Task instructions: A faithful transcription of all the entries below is needed, without the pictures.

Records shown:
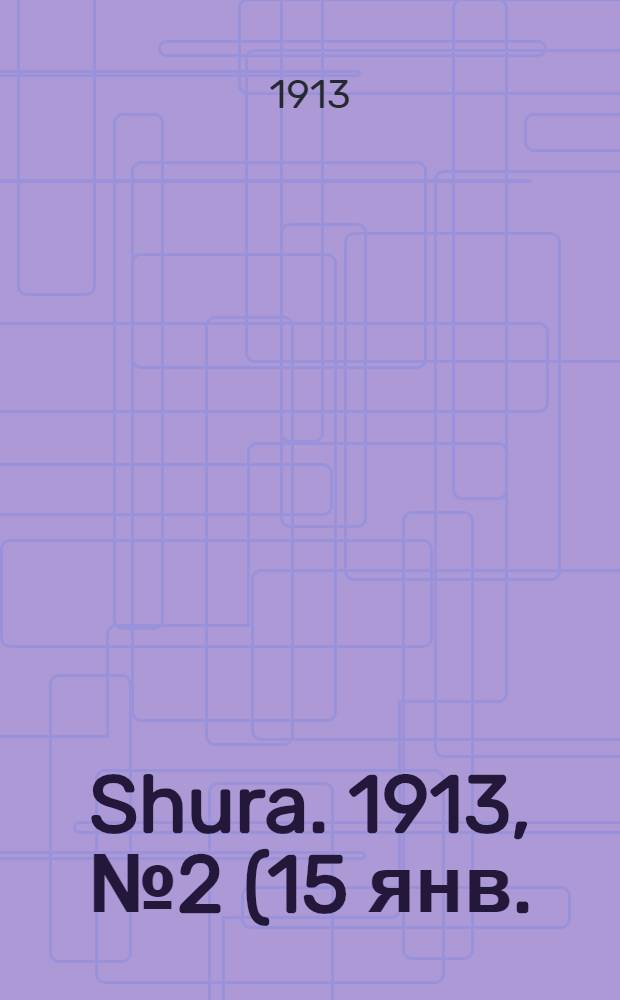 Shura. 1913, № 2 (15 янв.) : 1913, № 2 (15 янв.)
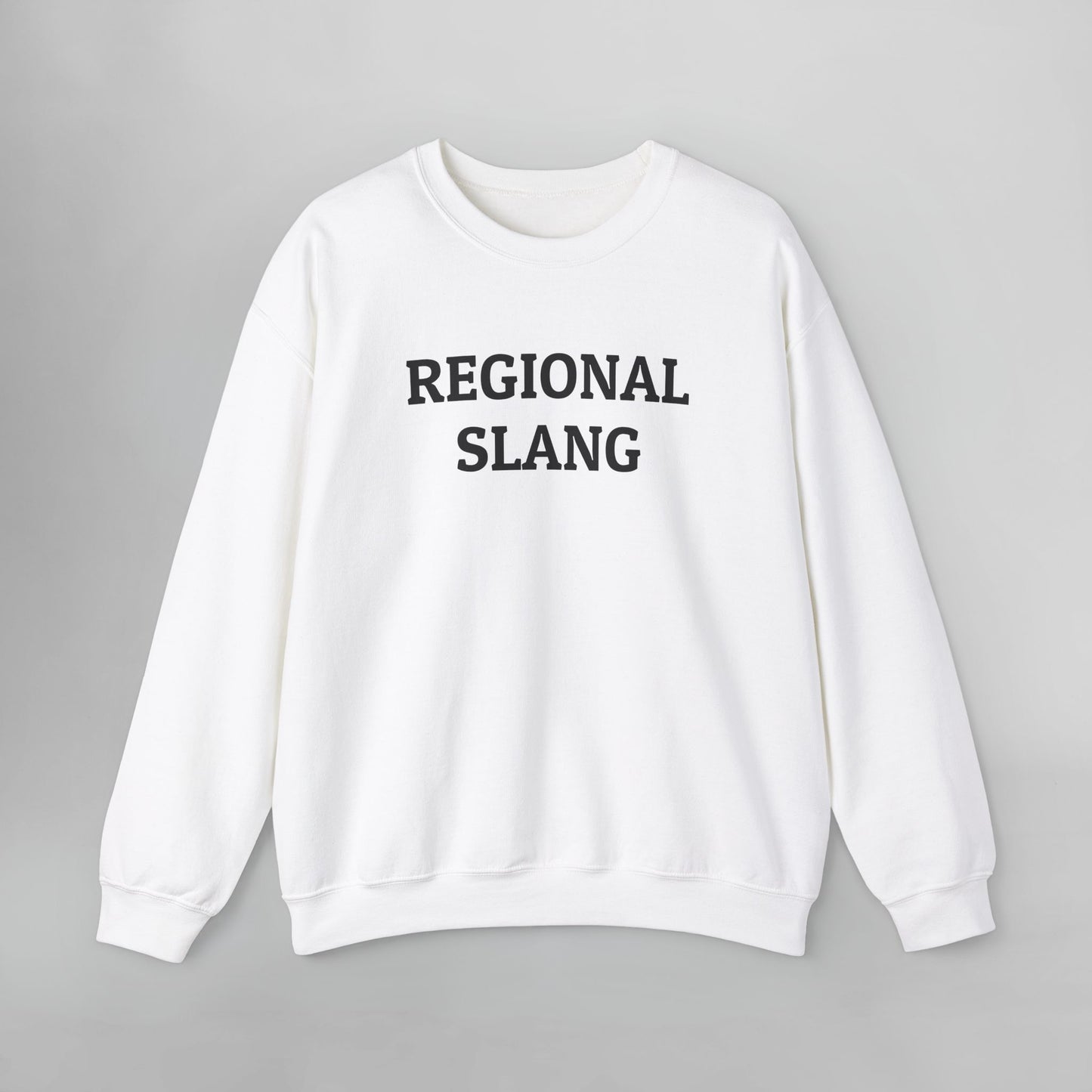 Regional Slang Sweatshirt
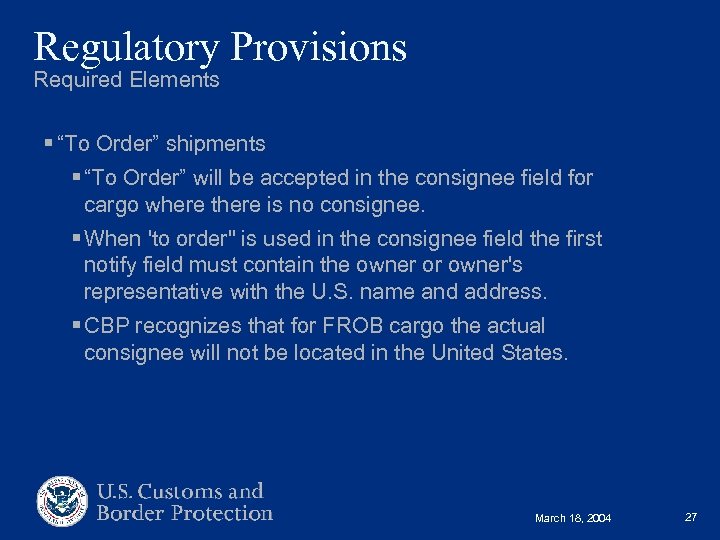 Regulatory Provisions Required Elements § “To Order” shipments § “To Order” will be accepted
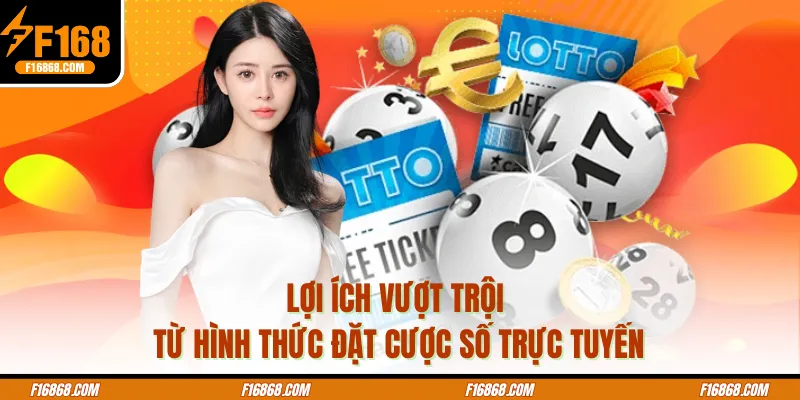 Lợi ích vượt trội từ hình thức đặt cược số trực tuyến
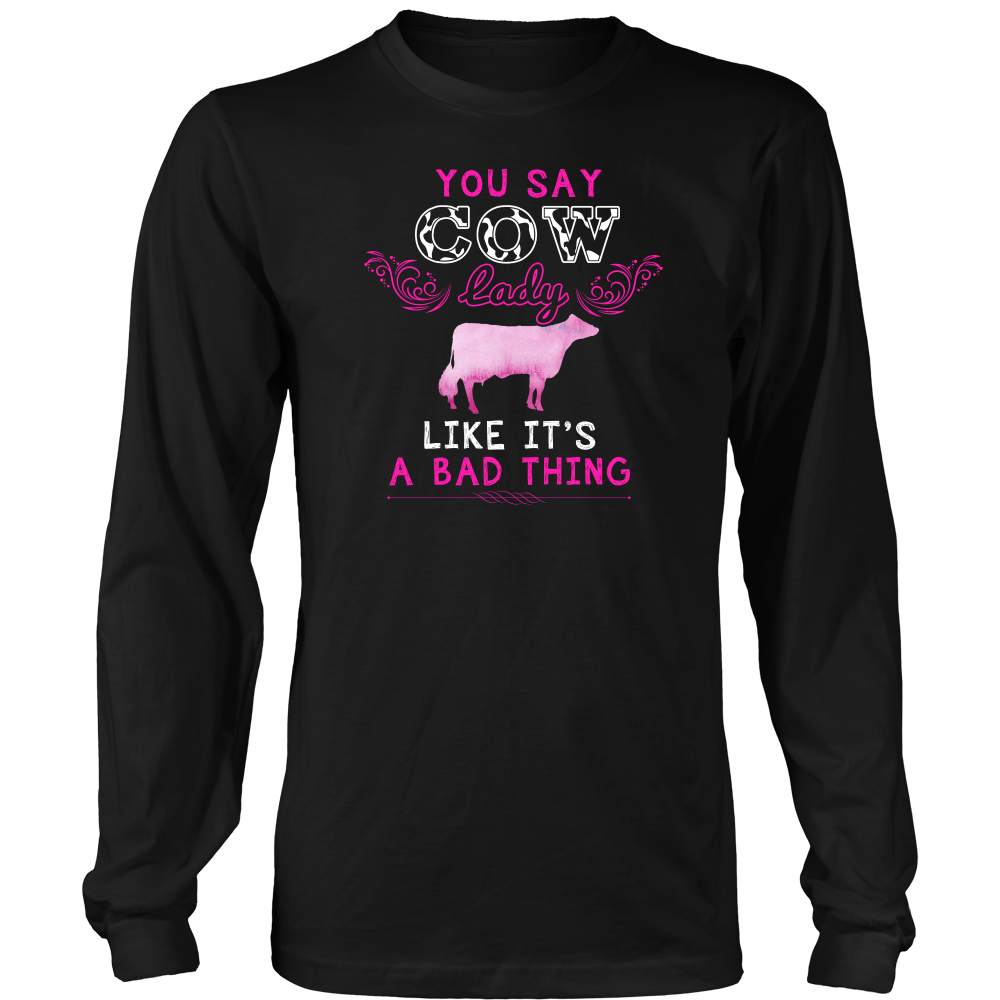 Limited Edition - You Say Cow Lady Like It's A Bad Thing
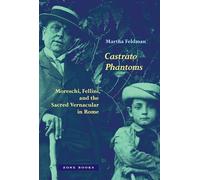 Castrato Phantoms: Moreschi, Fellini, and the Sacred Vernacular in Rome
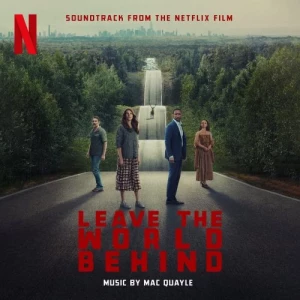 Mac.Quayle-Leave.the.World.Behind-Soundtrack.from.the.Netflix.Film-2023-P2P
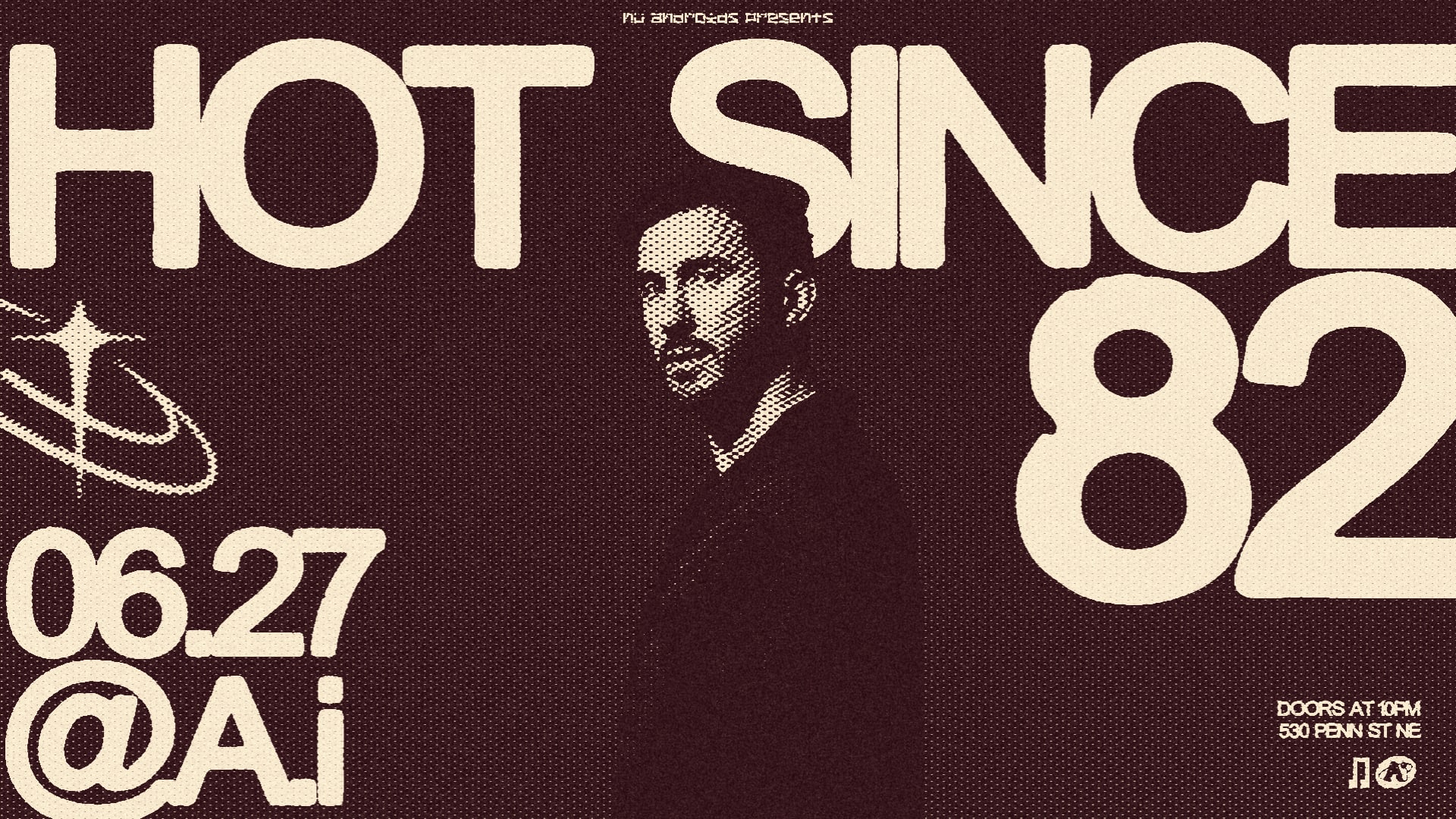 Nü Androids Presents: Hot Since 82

Solution to the problem:
 Shura. 1913, № 2 (15 янв.) : 1913, № 2 (15 янв.)
 Regional Slang Sweatshirt
 Regulatory Provisions Required Elements § “To Order” shipments § “To Order” will be accepted
 Lợi ích vượt trội từ hình thức đặt cược số trực tuyến
 Limited Edition - You Say Cow Lady Like It's A Bad Thing
 Castrato Phantoms: Moreschi, Fellini, and the Sacred Vernacular in Rome
 Mac.Quayle-Leave.the.World.Behind-Soundtrack.from.the.Netflix.Film-2023-P2P
 Nü Androids Presents: Hot Since 82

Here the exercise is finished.